Directions: Please transcribe the data below in full, word for word, without the images.

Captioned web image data
========================
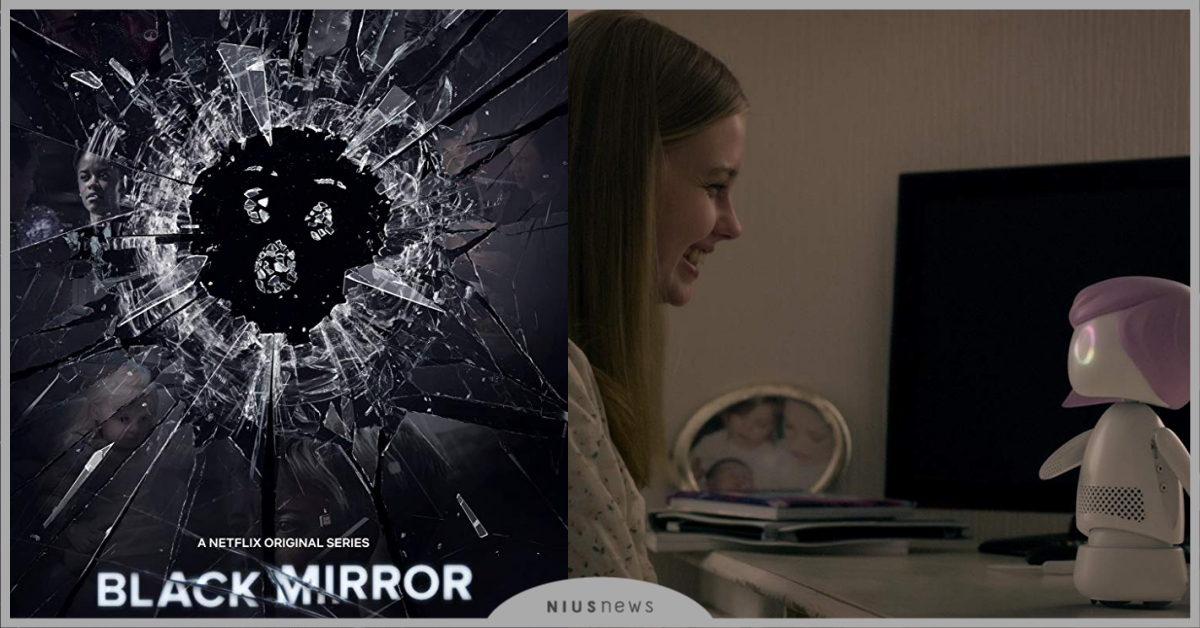 新一季《黑鏡》預告出爐！《復仇者聯盟4》、《水行俠》各派演員出征！ 黑鏡、影集、Netflix、水行俠、復仇者聯盟4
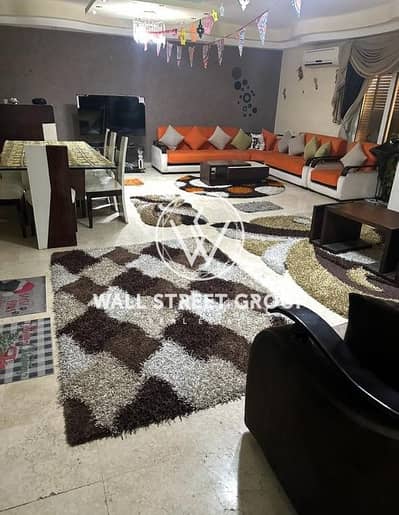 3 Bedroom Apartment for Sale in Nasr City, Cairo - IMG-20251110-WA0377. jpg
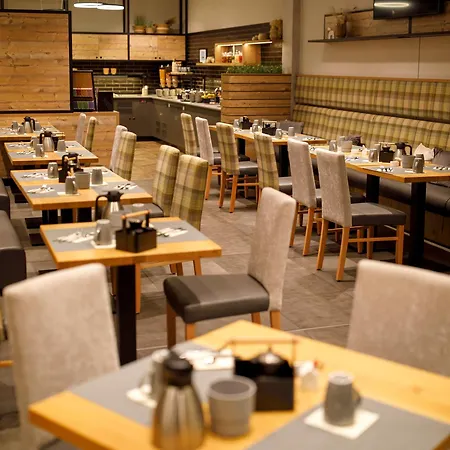 Kedi فندق بابينبورغ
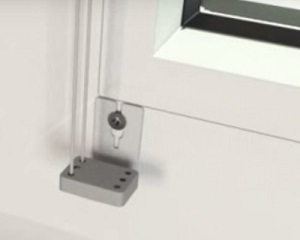 Fensterflügel +6,00 €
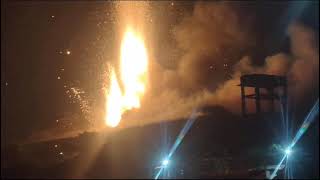 Bhatthi Balasting Seen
========================
Output for this exercise:
 新一季《黑鏡》預告出爐！《復仇者聯盟4》、《水行俠》各派演員出征！ 黑鏡、影集、Netflix、水行俠、復仇者聯盟4
 3 Bedroom Apartment for Sale in Nasr City, Cairo - IMG-20251110-WA0377. jpg
 Kedi فندق بابينبورغ
 Fensterflügel +6,00 €
 Bhatthi Balasting Seen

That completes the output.